FRESA Y CHOCOLATE (Strawberry and Chocolate)
Instituto Cubano del Arte e Industria Cinematograficos, 1993
Directors: Tomas Gutierrez Alea and Juan Carlos Tabio

Anne Marie-Dover

It is surprising that this film is the work of Tomas Gutierrez Alea, a dedicated revolutionary and founder of the Cuban Institute of Cinematographic Art, not only because of its controversial theme, but also because of the implied criticism of Cuba’s revolutionary system and its attitudes towards individuality.

The combination of a bigoted and fervently heterosexual young man and an older, decadent homosexual non-conformist artist and dedicated poseur, is already very promising, but when we place them in late 70’s Cuba, the plot reveals a sensitivity that has made Fresas y Chocolate one of the most celebrated Latin American films of the 90’s.
David, a student at the University of Havana is picked up by Diego, a homosexual artist, who has bet a friend that he can seduce the young man. Although he is rabidly homophobic, David is persuaded to go to Diego’s flat with the promise of some photographs taken while he was appearing in a play. When David’s friend Miguel hears of the eccentric flat, the religious art and contraband whisky, and of Diego’s boast that he is planning to mount an exhibition with the help of a foreign embassy, he persuades David to seek Diego in order to expose him as a counter-revolutionary,

David reluctantly takes on the role of spy and befriends Diego, but in the process becomes fascinated with Diego’s sophisticated taste in forbidden foreign literature, and classical music. He is prepared to hate Diego and turn him over to the authorities, but he comes to discover Diego as a person rather than a cliché and finds himself open to ridicule when he tries to defend and justify his new friend. Inevitably, Diego’s outspokenness lands him in trouble and the two friends face separation, but the experience has changed David’s attitude forever.

Giving the initial appearance of a melodrama about gay rights, this film encompasses a lot more. There are hints of political pressure to spy on fellow citizens and of the scorn with which revolutionaries look on religion and on any type of activity which can be considered subversive, whether it is free art or drinking Johnny Walker whisky, "the enemy’s liquor" as Diego sarcastically calls it.

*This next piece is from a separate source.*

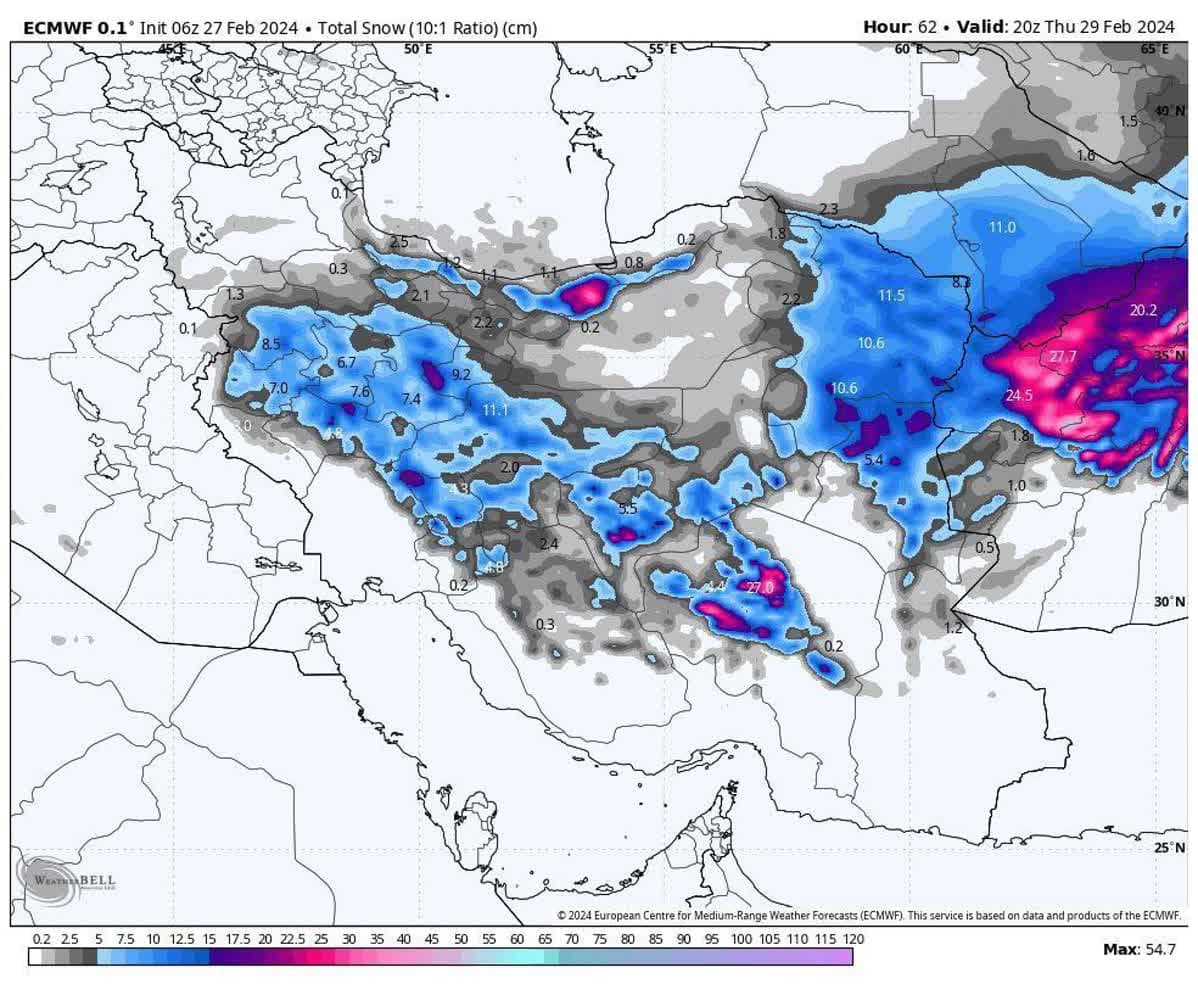 موج برفی بعدی در راه است!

There are compelling sub-plots, such as David’s obsession with his ex-girlfriend, who leaves him to marry someone else shortly after his clumsy attempt to seduce her, and the intervention of Diego’s sexy thirty-something neighbour Nancy, an amateur prostitute and black marketeer, to whom David eventually loses his virginity.

Prejudice, sexual tension and political discontent are given a compassionate treatment and the interiors in Diego’s and Nancy’s flats, which appear to be part of a decaying former grand house contribute to the delicate air of melancholy that runs through the whole piece.

Well acted, with a particularly sensitive performance by Jorge Perugorria as Diego, this film will be remembered as one of the best exponents of Cuban modern cinema.